Few directors espouse a sense of universality as much as Wim Wenders (1945–), his work traversing the boundaries between high art and popular culture, Europe and America, the political and the personal. Over his varied and lengthy career Wenders has directed feature films, documentaries, shorts and music videos, all challenging the spectator with beautiful, open imagery while being equally aware of the fundamental need for some kind of narrative propulsion. Wenders began alongside other luminaries such as Werner Herzog, Alexander Kluge and Rainer Werner Fassbinder as part of the New German Cinema in the late 1960s. Setting his work apart from his compatriots, he draws inspiration most frequently from genre films, looking back to Weimar-era cinema and outwards to the Hollywood iconography of John Ford, Samuel Fuller and Nicholas Ray. An equal devotion to the work of Michelangelo Antonioni and Yasujiro Ozu provides a sense of sublime ambiguity to Wenders’ cinema. His more narratively conventional films of the 1980s onwards, such as Paris, Texas (1984) and Wings of Desire (1987), attracted both awards and celebrity, resulting in collaborations with an array of cutting-edge artists across numerous disciplines. Despite his predominant use of unadorned and stark locations, Wenders has also kept abreast of digital innovations, including groundbreaking 3D explorations (such as his extraordinary tribute to Pina Bausch). Embracing a filmmaker who is intellectually restless, emotionally involved and utterly devoted to the medium, this season surveys a number of Wenders’ key works of the 1970s and 1980s. It includes his breakthrough feature, The Goalkeeper’s Fear of the Penalty (1972), his fascinating B-movie homage, The State of Things (1982), and his masterpieces, Kings of the Road (1976) and Wings of Desire.
7:00pm KINGS OF THE ROAD
Wim Wenders (1976) 175 mins – R 18+
Wenders’ now-classic buddy movie is an elliptical road odyssey of two estranged men (Rüdiger Vogler and Hanns Zischler) traversing the nether regions of the East/West German border while servicing broken-down movie theatres.
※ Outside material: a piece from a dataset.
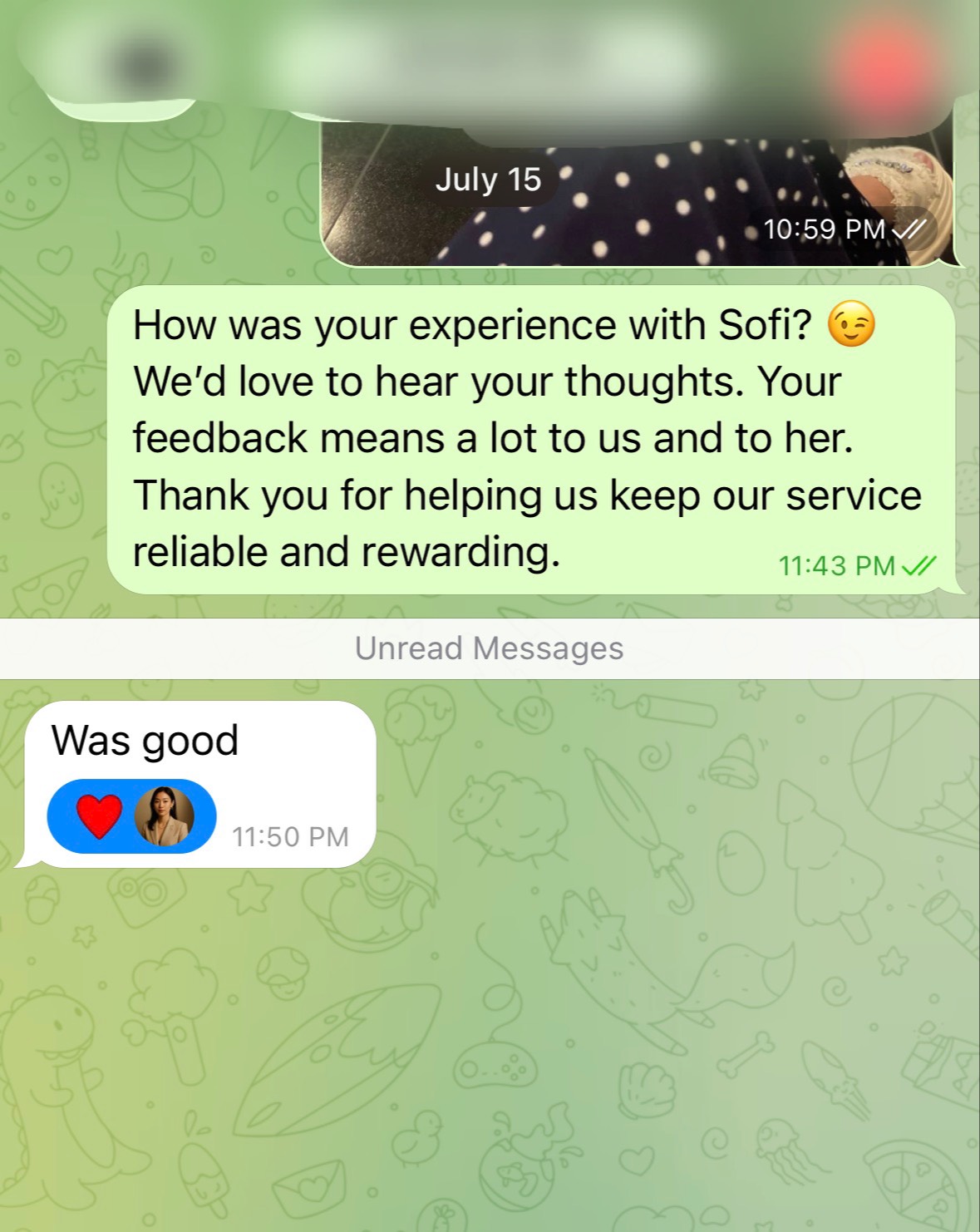 Sofi was Good! proof screenshot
Powered by an idiosyncratic mix of 1960s pop music (heard and quoted by the characters) and Axel Lindstädt’s evocative score, Wenders’ existential narrative poetically charts the Americanisation of the German mindscape, the impoverishment and beauty of the stark modern landscape, and the inevitable death of the cinema. The final part of the director’s “road trilogy” following the previous year’s Wrong Move<. With Lisa Kreuzer.
4K DCP.
10:15pm CHAMBRE 666
Wim Wenders (1982) 48 mins – M
An intriguing time capsule in which Wenders asks various filmmakers to enter a hotel room, turn on the camera and answer the “simple” question: “Is the cinema a language about to get lost, an art about to die?” Filmed at the 1982 Cannes Film Festival, it features candid and playful responses from Michelangelo Antonioni, Jean-Luc Godard, Werner Herzog, Steven Spielberg, Monte Hellman, Mike De Leon, Susan Seidelman, Yilmaz Güney, Rainer Werner Fassbinder and others. Preceded by Reverse Angle: Ein Brief aus New York Wim Wenders (1982) 17 mins – Unclassified 15+. Wenders’ essay film about New Wave music, New York, his artistic practice and the difficulties of working with Francis Ford Coppola on Hammett.
7:00pm WRONG MOVE
Wim Wenders (1975) 103 mins – R 18+
The Bildungsroman originated in the late 18th century, commonly following a young protagonist who goes out into the world seeking personal development and education. Although Goethe’s 1795 Bildungsroman Wilhelm Meister’s Apprenticeship was the basis for Peter Handke’s screenplay, Wenders’ Wilhelm (Rüdiger Vogler) traverses contemporary Germany with a resigned, post-1960s pessimism, encountering the potent spectres of Germany’s past. This is contrasted with the rich images of the land itself, from the glistening Elbe River in northern Germany to the snowy Zugspitze mountain in the south. Co-starring Hanna Schygulla and featuring Nastassja Kinski in her debut film role.
4K DCP.
8:55pm THE GOALKEEPER’S FEAR OF THE PENALTY
Wim Wenders (1972) 101 mins – Unclassified 15+
Adapting Peter Handke’s short novel, Wenders delivers a drifter’s-eye view of paranoia and dissociation, shaped by his fascination with the way people move through the world when their inner compass has slipped. Following its titular, murderous protagonist (Arthur Brauss) with dispassionate curiosity, letting behaviour reveal more than psychology, the film’s uncanny calm owes as much to Robby Müller’s sun-bleached, quietly dislocated images as to Handke’s dry, clipped dialogue – a combination that keeps everything slightly off balance, as if it were the world itself that was misfiring.
4K DCP.
7:00pm WINGS OF DESIRE
Wim Wenders (1987) 128 mins – PG
An angel (Bruno Ganz) soulfully watching over the stranded citizens of West Berlin is tempted by the pleasures of the flesh when he falls in love with a trapeze artist (Solveig Dommartin). Wenders’ profoundly moving and often magical modern fairytale is an extraordinary essay on the weight of history and memory. Shifting between black-and-white and colour, it evokes both Capra’s It’s a Wonderful Life and Powell and Pressburger’s A Matter of Life and Death. Now itself a significant artefact of a soon-to-be united Berlin, it features Nick Cave and the Bad Seeds, Crime & the City Solution, Curt Bois and Peter Falk. Co-written by Peter Handke and shot by Henri Alekan.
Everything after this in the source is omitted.